Desde ja muitos parabens pelo forum pelos bonitos aquarios que ai tao, tou a pensar fazer um aquario por medida, tenho um vizinho meu que trabalha numa vidreira e vou falar com ele a respeito disso, saber se ele ja fez algum etc etc, o que eu queria saber é o seguinte, as medidas quero fazer é: 200x60x60cm num total de 720 litros espessura de vidro 15mm guiando-me pela montagem do joao ribeiro (http://www.reefforum.net/showthread.php?t=3609) os vidros terao entao medidas a cumprir e sera entao: o Vidro de baixo com 200x60cm os laterais terao 61.5x60cm o frontal e de tras 203x61.5cm. É isso nao é? ja agora os vidros tem que ter vincos direitos ou redondados?
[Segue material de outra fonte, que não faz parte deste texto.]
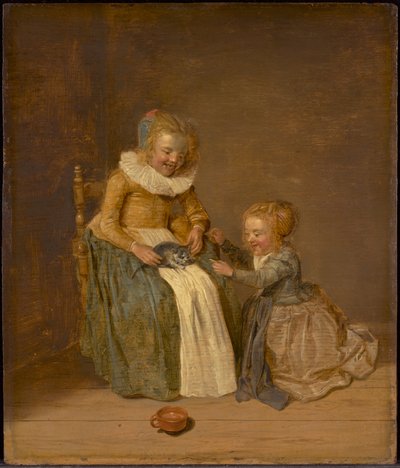 Kinder mit einer Katze av Dirck Hals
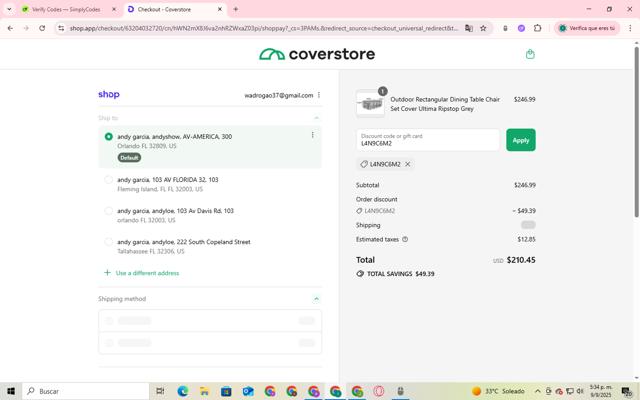Coverstore checkout page showing Coverstore coupon code box | Screenshot taken by SimplyCodes community member on Sep 9, 2025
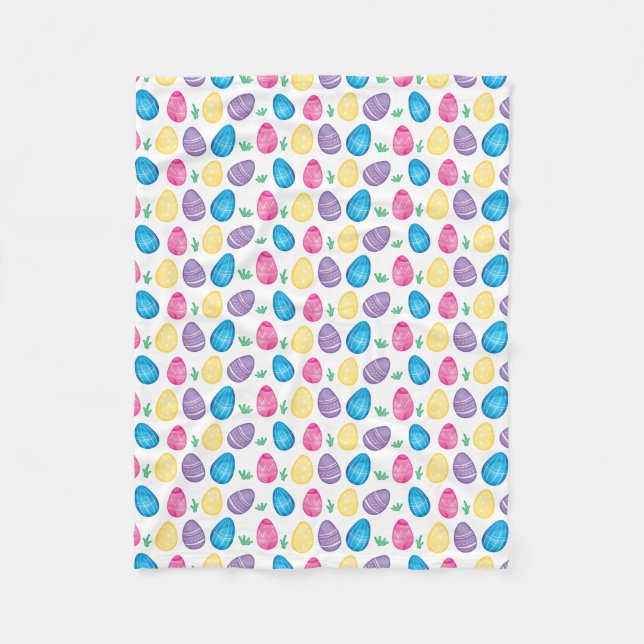 Watercolor Easter Egg Hunt Pattern Fleece Blanket (Front)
O silicone sera entao o apropriado para fabricaçao de aquarios, e isto tambem me da uma certa duvida apenas seguro pelo silicone??e suficiente? as travessas sao obrigatoris mesmo quado se faz o aquario com a calha mesmo encima do aqua com a madeira toda a volta, fica aqui uma foto de como tou a pensar o aquario.

Nesta caso precisa das travessas?
Algumas dicas sao bem vindas e se verem alguma coisa mal digam.
Cump.
Anthony

----------


## Pedro Nuno Ferreira

:Olá: Viva Anthony
Consulta este dois tópicos onde encontrarás mais informação e outros tópicos para consultares:

http://www.reefforum.net/showthread.php?t=8608 

http://www.reefforum.net/showthread.php?t=9766

Atenciosamente :SbOk3: 
Pedro Nuno

----------


## Anthony Rosado Neto

> Viva Anthony
> Consulta este dois tópicos onde encontrarás mais informação e outros tópicos para consultares:
> 
> http://www.reefforum.net/showthread.php?t=8608 
> 
> http://www.reefforum.net/showthread.php?t=9766
> 
> Atenciosamente
> Pedro Nuno


Obrigado Pedro Nuno Ferreira, mas tanta coisa que vi fiquei mais confuso!!! Mas o que queria saber é se as medidas tao correctas, a espessura ta correcta se o pela imagem que eu dei  e necessario fazer o travemento.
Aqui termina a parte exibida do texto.